Dans toute cette partie du mythe, il faut remarquer l'influence de Delphes. Cette influence est encore plus grande dans la délivrance d'Oreste. Apollon l'a poussé au parricide, il lui a donné une arme pour se défendre, il le protège, et enfin il le purifie. Cette cérémonie de la purification serait ici le symbole du premier éveil de la conscience sociale demandant au meurtrier compte du sang versé. Il faudrait voir là l'oeuvre de la religion ; mais bientôt l'Etat intervient : la purification par Delphes ne paraît plus suffisante ; Oreste est obligé de se soumettre à un jugement ; il comparait devant l'Aréopage ; c'est-à-dire, la loi civile se substitue à la loi religieuse La tradition, qui fait comparaître Oreste devant l'Aréopage, est purement attique. Dans Eschyle, le tribunal est composé de citoyens athéniens, la déesse préside ; d'après d'autres sources, les juges d'Oreste auraient été les douze dieux. On sait qu'Oreste fut sauvé grâce au vote d'Athéna. Nous n'avons de cette scène que des reproductions d'époque postérieure. La plus intéressante est celle qui se trouve sur le célèbre vase Corsini trouvé à Antium : il représente Athéna déposant son vote dans l'urne ; on a supposé qu'il était une copie d'une sculpture du ciseleur Zopyros. La même tradition attique rattachait la présence d'Oreste dans Athènes à l'institution de la fête des Choai [Dionysia]. Euripide, dans l'Oreste, s'écartait de cette tradition : il le faisait juger par le peuple d'Argos. Le voyage d'Oreste en Tauride [Iphigenia] est, à ce que l'on croit, une invention d'Euripide. Dans une scène célèbre de son Iphigénie en Tauride une lettre est remise par le frère à la soeur ; on sait qu'Aristote, qui trouvait cette scène très belle, louait aussi le poète Polyeidos d'avoir amené la reconnaissance très naturellement en faisant dire à Oreste devant Iphigénie que lui aussi devait donc périr immolé comme sa soeur. Le sujet de la fable s'était formé de la légende relative à la statue d'Artémis Tauropole à Brauron ; on disait que cette statue avait été rapportée de Tauride par Oreste, à qui cette nouvelle expiation avait été imposée, car toutes les Furies n'avaient pas été apaisées par le vote de l'Aréopage. D'après d'autres traditions, Oreste aurait porté la statue soit à Sparte, soit à Argos, ou en Lydie, à Rhodes, etc.

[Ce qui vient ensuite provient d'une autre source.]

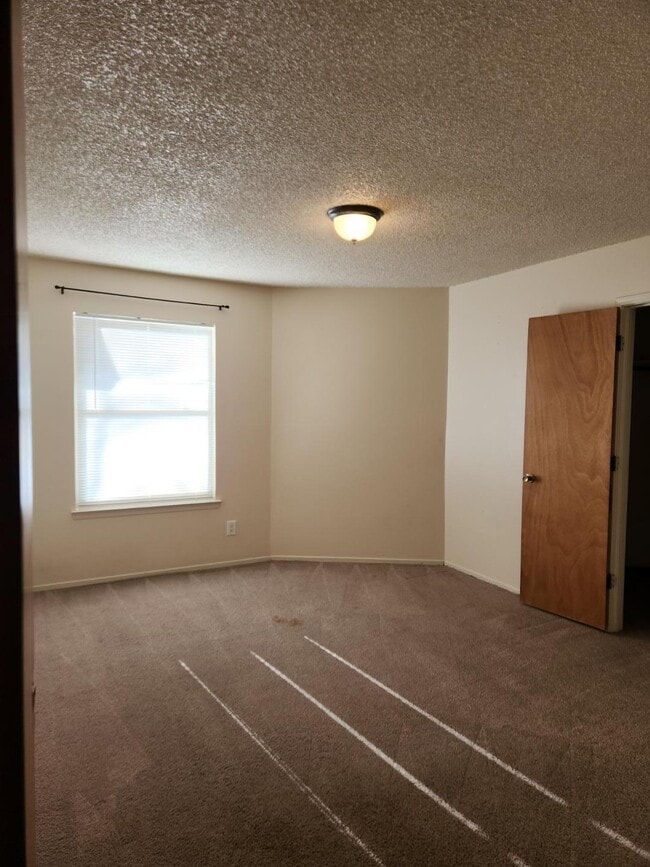 Building Photo - 5325 Heritage Way NE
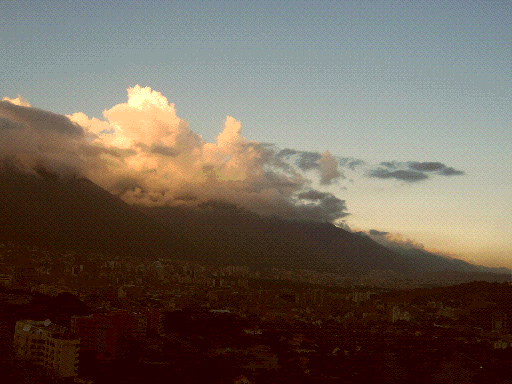 Caracas27Octub photo caracasnubesmove.gif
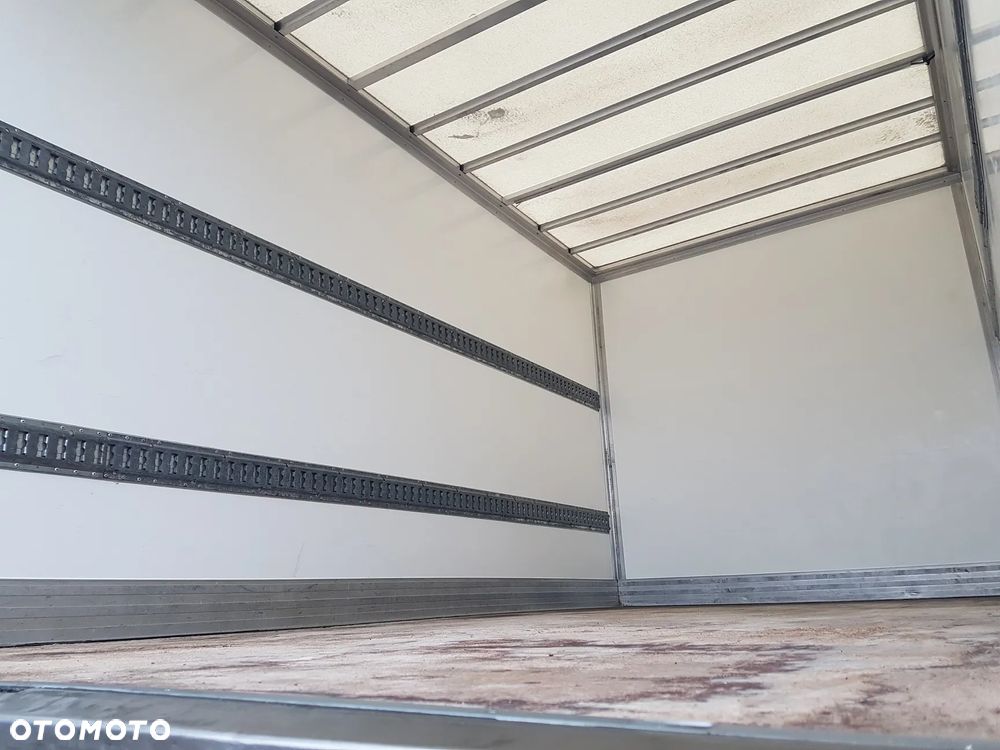 Renault MASTER KONTENER 8EP 4,21x2,23x2,22 KLIMA MANUAL KRAJOWY 6-BIEGÓW - 33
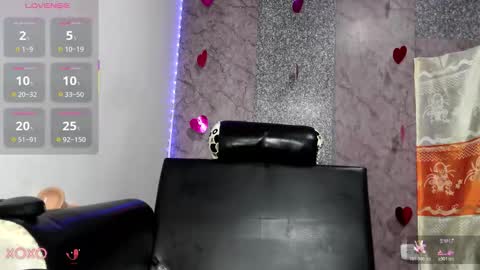 Snapshot of harper1brown chatting on 02-21-26, 01:45 Harper online show from 02-21-26, 01:45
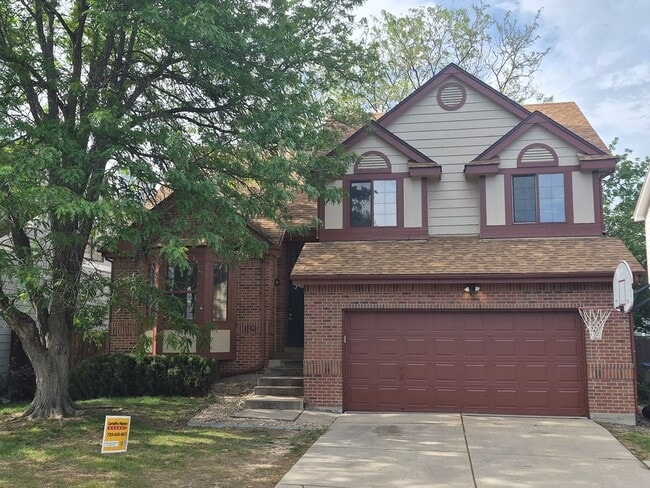 Building Photo - Beautifully Updated 3BR/2.5BA Home in Longmont – Move Right In!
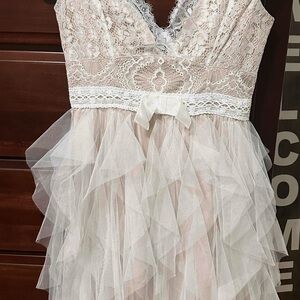 Elegant Lace women’s dress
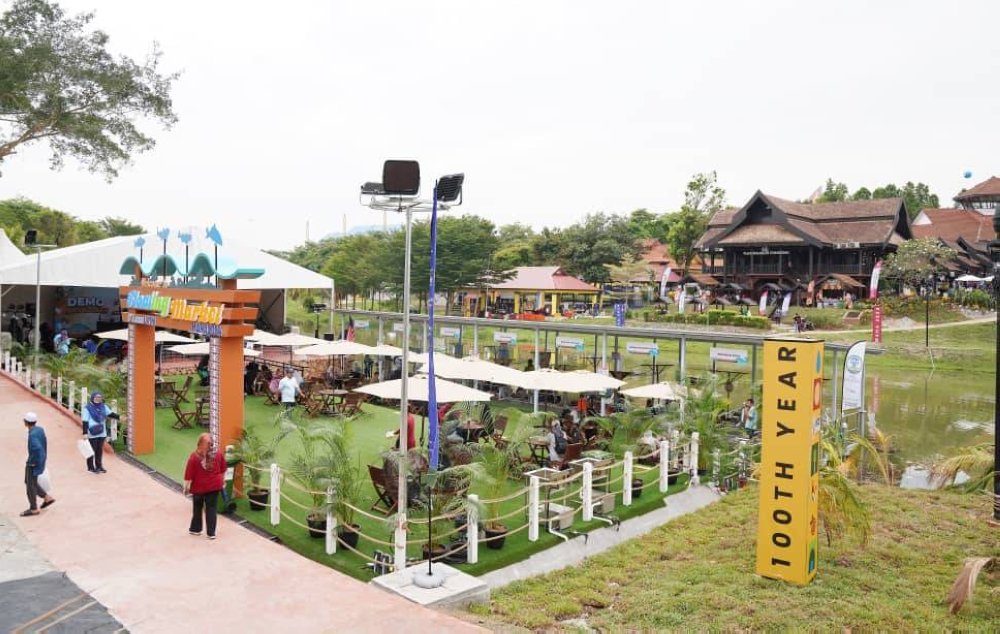 Floating market antara daya tarikan di D'Laman LKIM pada MAHA 2024.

Quant à la rivalité entre Oreste et Néoptolème à propos d'Hermione,on peut dire qu'elle est postérieure à Homère. Dans l'Oreste d'Euripide, c'estle fils d'Agamemnon qui doit épouser Hermione, quelque espérance qu'ait pu concevoir Néoptolème. Dans Andromaque, Ménélas, après avoir promis sa fille au héros, l'a donnée à Néoptolème ; furieux, Oreste se rend à Delphes où se trouve son rival et le tue.

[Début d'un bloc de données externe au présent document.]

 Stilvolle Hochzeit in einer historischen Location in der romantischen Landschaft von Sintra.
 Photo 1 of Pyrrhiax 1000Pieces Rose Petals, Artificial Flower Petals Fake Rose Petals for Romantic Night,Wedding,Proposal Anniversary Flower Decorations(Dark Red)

Une belle amphore de Ruvo représente cette dernière scène. Oreste et Hermione ont un fils, Tisaménos. On connaît l'histoire que raconte Hérodote sur le cadavre d'Oreste enterré à Tégée. Il est certain qu'Oreste avait un culte à Sparte ; son tombeau aurait été dans le temple des Moirai. D'après la tradition romaine, Oreste aurait été enterré à Aricie, et ses os auraient été plus tard portés à Rome devant le temple de Saturne.